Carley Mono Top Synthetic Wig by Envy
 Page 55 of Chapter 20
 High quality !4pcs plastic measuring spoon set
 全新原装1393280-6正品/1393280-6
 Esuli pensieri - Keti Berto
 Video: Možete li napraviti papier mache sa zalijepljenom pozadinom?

========

Exercise prompt>
Each record needs to be copied out again, letter for letter.

Answer space>
Carley Mono Top Synthetic Wig by Envy
 Page 55 of Chapter 20
 High quality !4pcs plastic measuring spoon set
 全新原装1393280-6正品/1393280-6
 Esuli pensieri - Keti Berto
 Video: Možete li napraviti papier mache sa zalijepljenom pozadinom?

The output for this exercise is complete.